Consider a random variable $X$ whose probability density function is given by
$$f_{X}(x) = \frac{\lambda}{2}\exp(-\lambda|x-\mu|)\quad\text{for}\quad x\in\textbf{R}, \lambda > 0,\,\,\text{and}\,\,\mu\in\textbf{R}$$
Determine its moment generating function, $\textbf{E}(X)$ and $\textbf{Var}(X)$.
MY SOLUTION
According to the definition of moment generating function, we obtain the following result
\begin{align*}
M_{X}(t) & = \frac{\lambda}{2}\int_{-\infty}^{+\infty}e^{tx}\exp(-\lambda|x-\mu|)\mathrm{d}x = \frac{\lambda}{2}\int_{-\infty}^{+\infty}\exp(tx-\lambda|x-\mu|)\mathrm{d}x\\\\
& = \frac{\lambda}{2}\int_{-\infty}^{\mu}\exp(tx-\lambda(\mu -x))\mathrm{d}x + \frac{\lambda}{2}\int_{\mu}^{+\infty}\exp(tx-\lambda(x-\mu))\mathrm{d}x\\\\
& = \frac{\lambda}{2}\int_{-\infty}^{\mu}\exp((t+\lambda)x-\lambda\mu))\mathrm{d}x + \frac{\lambda}{2}\int_{\mu}^{+\infty}\exp((t-\lambda)x+\lambda\mu)\mathrm{d}x\\\\
\end{align*}
Then I get stuck.

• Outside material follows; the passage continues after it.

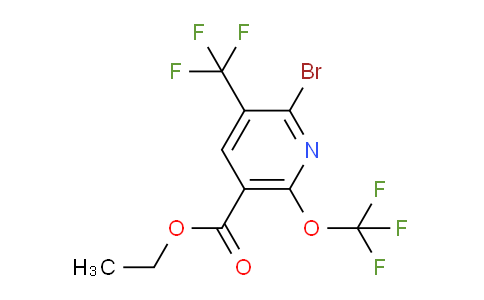 AM72168 | 1806237-84-2 | Ethyl 2-bromo-6-(trifluoromethoxy)-3-(trifluoromethyl)pyridine-5-carboxylate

Could someone shed some light on the problem?
Best Answer
Use a substitution to break the integral at zero as usual:
\begin{align} E\left[e^{tX}\right]&=\frac{\lambda}{2}\int_{\mathbb R}e^{tx}e^{-\lambda|x-\mu|}\,dx \\\\&=\frac{1}{2}\int_{\mathbb R}\exp\left[t\left(\mu+\frac{y}{\lambda}\right)-|y|\right]\,dy\qquad\qquad,\,\small\text{ substituting }\lambda(x-\mu)=y \\\\&=\frac{e^{\mu t}}{2}\int_{\mathbb R}e^{ty/\lambda-|y|}\,dy \\\\&=\frac{e^{\mu t}}{2}\left[\int_{-\infty}^0 e^{y(1+t/\lambda)}\,dy+\int_0^\infty e^{-y(1-t/\lambda)}\,dy\right] \\\\&=\frac{e^{\mu t}}{2}\left[\underbrace{\int_0^\infty e^{-z(1+t/\lambda)}\,dz}_{\text{ converges for }1+\frac{t}{\lambda}>0}+\underbrace{\int_0^\infty e^{-y(1-t/\lambda)}\,dy}_{\text{ converges for }1-\frac{t}{\lambda}>0}\right] \\\\&=\frac{e^{\mu t}}{2}\left[\frac{1}{1+\frac{t}{\lambda}}+\frac{1}{1-\frac{t}{\lambda}}\right]\qquad\qquad\qquad,\,|t|<\lambda \end{align}
So finally, $$\boxed{E\left[e^{tX}\right]=e^{\mu t}\left(1-\frac{t^2}{\lambda^2}\right)^{-1}}\qquad,\,|t|<\lambda$$